Part of speech (POS) tagging is an analysis technique in which an algorithm is used to label each word in a piece of content as a specific part-of-speech–noun, verb, adjective, etc. The graph below shows what percentages of words in each sample were labeled as a specific part-of-speech. It lists only the most interesting parts from the much larger list of POS tags.

Interesting points from this data include the noun and 3rd-person heaviness of ReTweets, indicating a subject matter and headline type nature.


I also used the two linguistic lexicons currently in use on TweetPsych: RID and LIWC.

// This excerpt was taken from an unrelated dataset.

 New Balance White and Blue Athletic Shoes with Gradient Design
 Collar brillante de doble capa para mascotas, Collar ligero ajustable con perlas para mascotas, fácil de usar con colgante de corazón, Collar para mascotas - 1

First up is the more “Freudian” Regressive Imagery Dictionary (RID). This coding scheme is designed to measure the amount and type of three categories of content: primordial (the unconscious way you think, like in dreams); conceptual (logical and rational thought); and emotional.

Significantly more primordial content has been found in the poetry of poets who exhibit signs of psychopathology than in that of poets who exhibit no such signs (Martindale, 1975).

The first RID graph shows that ReTweets contain less primordial and emotional content than random Tweets and more conceptual content.


Looking at specific RID codes, we see that social and instrumental (constructive words like build and create) behavior are ReTweetable, while abstract thought and sensation-based words are not.


The last analysis I performed used LIWC (pronounced “Luke”). This is a lexicon similar to RID, but based in more reviewed and accepted research and refined over 15 years. LIWC measures the cognitive and emotional properties of a person based on the words they use.

In order to provide an efficient and effective method for studying the various emotional, cognitive, and structural components present in individuals’ verbal and written speech samples, we originally developed a text analysis application called Linguistic Inquiry and Word Count, or LIWC.

LIWC analysis shows that Tweets about work, religion, money and media/celebrities are more ReTweetable than Tweets about negative emotions, sensations, swear words and self-reference.